Ob und wie Datenbanken neues Wissen produzieren können, untersucht Irina Kaldrack am Beispiel von Bewegungsdatenbanken. In einer historischen Rekonstruktion zeichnet sie nach, wie sich in ihrem Untersuchungsobjekt, dem BMLwalker, statistische Verfahren und künstliche Intelligenz überkreuzen. Die auf diese Weise aus den Dateneingaben erzeugten Bewegungsrepräsentationen werden den Benutzern zur Bewertung vorgelegt. So werden neue Datensätze erzeugt, die wiederum ausgewertet werden können.
Florian Krautkrämer diskutiert den Datenbankbegriff in filmtheoretischen Diskursen. Im Gegensatz zum Database Cinema, das Veränderungen in Bezug auf Narration, Distribution und Rezeption mit sich bringt, ist es Krautkrämer darum getan, die Rolle der Datenbank als Metapher nachzuzeichnen, die bestimmte ästhetische Konstruktionsprinzipien in den Vordergrund stellt. Die „spezielle Datenbankästhetik“, die sich besonders in Beispielen aus dem europäischen Autorenkino seit den 60er Jahren zeigt, äußert sich „in einer Betonung der Oberfläche des Bildes“ (S. 310).
Im abschließenden Beitrag des Bandes betrachten Christian Huberts und Robin Krause die ästhetischen Verfahren und Objekte, die sich an den Einsatz von Datenbanken in Computerspielen ergeben. Sie zeichnen an Beispielen nach, wie sich Datenbanken von Spielen entweder lediglich ornamental genutzt werden oder sie von funktionaler Bedeutung für die Spielmechanik sein können.
Insgesamt gelingt es dem Band, die zuvor behauptete – und wohl kaum zu bestreitende – Ubiquität der Datenbanken in den versammelten Beiträgen abzubilden und ihr damit gerecht zu werden.
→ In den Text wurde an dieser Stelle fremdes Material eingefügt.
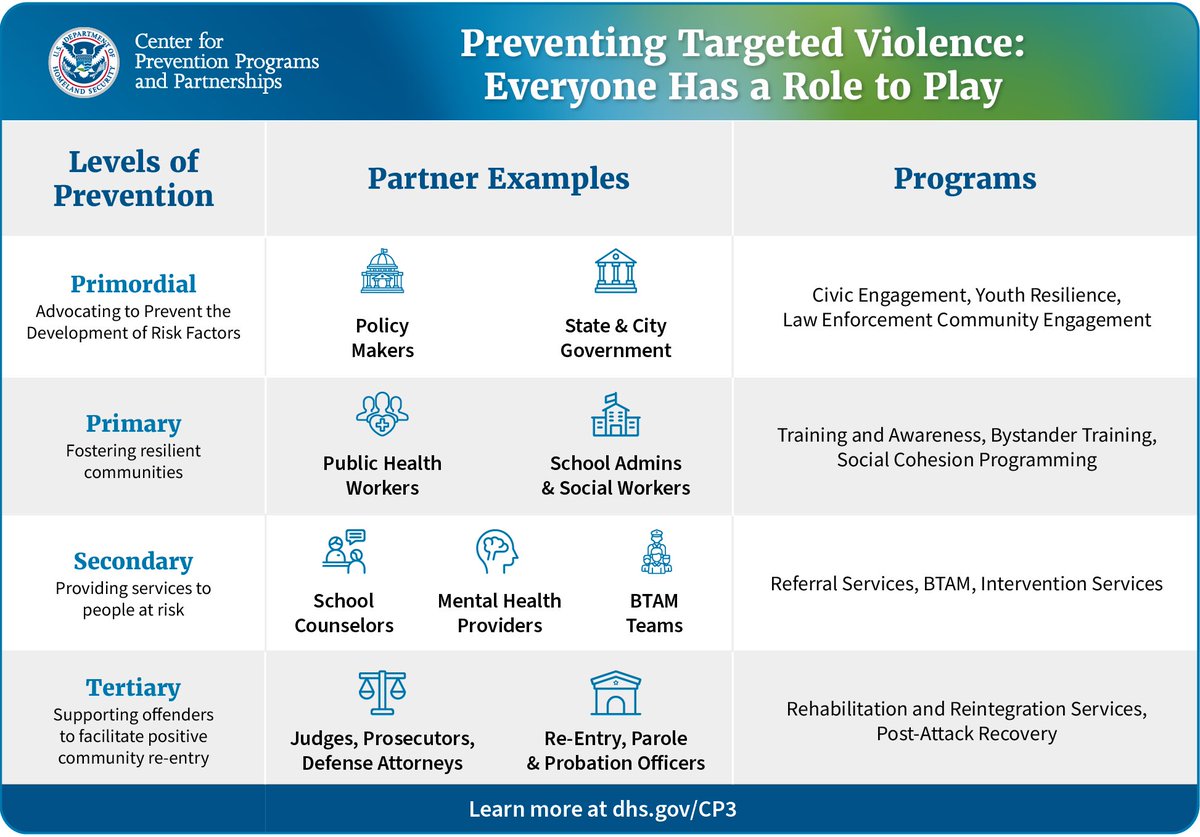 Bill Braniff (@braniffbill) on Twitter photo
Die Zugriffe aus verschiedenen Perspektiven und auf verschiedene Objektsphären lassen die Bedeutung deutlich werden, die Datenbanken in den jeweils wirksamen Verstrickungen der gewählten heuristischen Dimensionen – „Sortieren“, „Sammeln“, „Suchen“, „Spielen“ – für aktuelle lebensweltliche Praxen haben. Zur kulturwissenschaftlichen Untersuchung der Datenbanken ist damit ein spannender Beitrag gelungen, der sich auf zentrale Positionen dieses Feldes – wie die des schon genannten Lev Manovichs oder David Gugerlis – zwar immer wieder bezieht, diese aber auch durchaus kritisch hinterfragt und ergänzt. Beispielhaft kann hierfür die historische Sektion des Bandes einstehen, deren Beiträge auf alternative Pfade und Bewertungen sowie auf blinde Flecken der Mediengeschichte der Datenbanken hinweisen. Problematisch ist gelegentlich, dass in den meisten Aufsätzen unter dem Begriff der „Datenbank“ im Detail voneinander abweichende Phänomene gleich behandelt werden. Spezifische Unterschiede zwischen den technischen Implementierungen und ihren Implikationen, die es eventuell im Rahmen der jeweils gewählten Fragestellung in den Blick zu nehmen gälte, werden so nivelliert.